━━━ Data shown ━━━

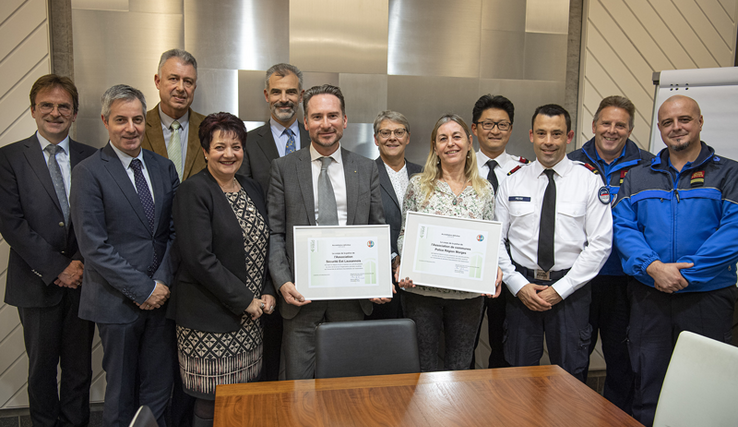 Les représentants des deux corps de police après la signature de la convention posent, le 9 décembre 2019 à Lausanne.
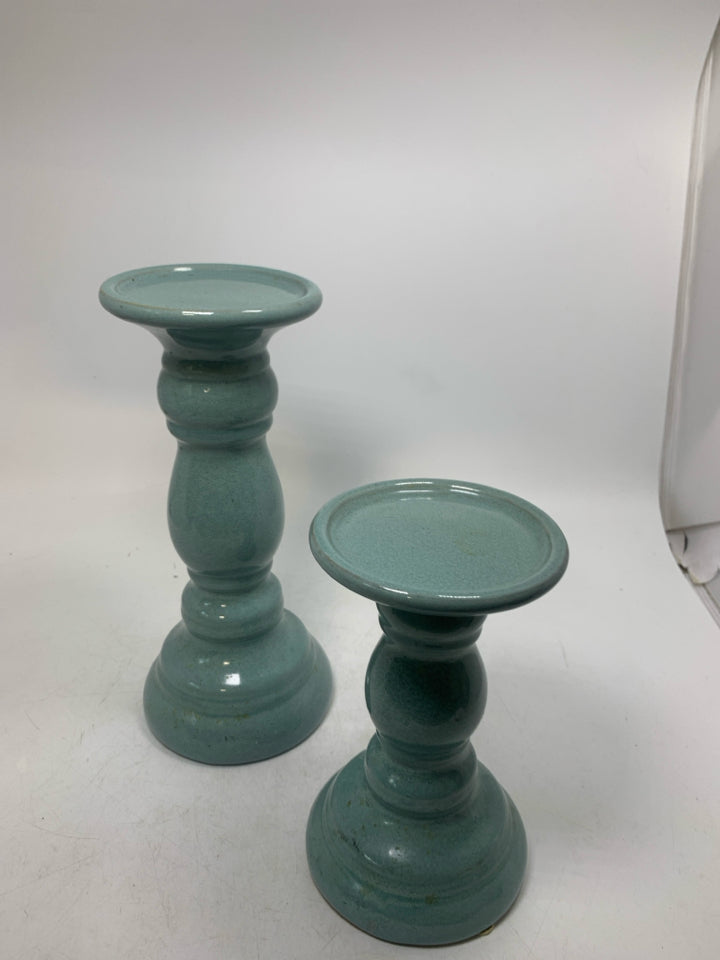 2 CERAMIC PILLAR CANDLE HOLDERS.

━━━
━━━ Data shown ━━━

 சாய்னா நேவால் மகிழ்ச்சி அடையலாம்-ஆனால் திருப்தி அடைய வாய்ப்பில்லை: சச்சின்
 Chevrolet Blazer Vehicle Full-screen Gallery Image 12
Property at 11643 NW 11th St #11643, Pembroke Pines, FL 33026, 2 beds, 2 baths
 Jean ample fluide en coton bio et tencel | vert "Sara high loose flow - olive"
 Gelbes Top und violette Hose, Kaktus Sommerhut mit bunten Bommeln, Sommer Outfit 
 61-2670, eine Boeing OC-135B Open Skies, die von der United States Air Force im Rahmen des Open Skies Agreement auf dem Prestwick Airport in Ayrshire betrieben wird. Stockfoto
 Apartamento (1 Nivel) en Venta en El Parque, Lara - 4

━━━

- Work instructions -
Leave out every line above except those from the line with "Jean ample fluide" up to and including the line with "Apartamento (1 Nivel)", and copy those exactly.

- Expected answer -
 Jean ample fluide en coton bio et tencel | vert "Sara high loose flow - olive"
 Gelbes Top und violette Hose, Kaktus Sommerhut mit bunten Bommeln, Sommer Outfit 
 61-2670, eine Boeing OC-135B Open Skies, die von der United States Air Force im Rahmen des Open Skies Agreement auf dem Prestwick Airport in Ayrshire betrieben wird. Stockfoto
 Apartamento (1 Nivel) en Venta en El Parque, Lara - 4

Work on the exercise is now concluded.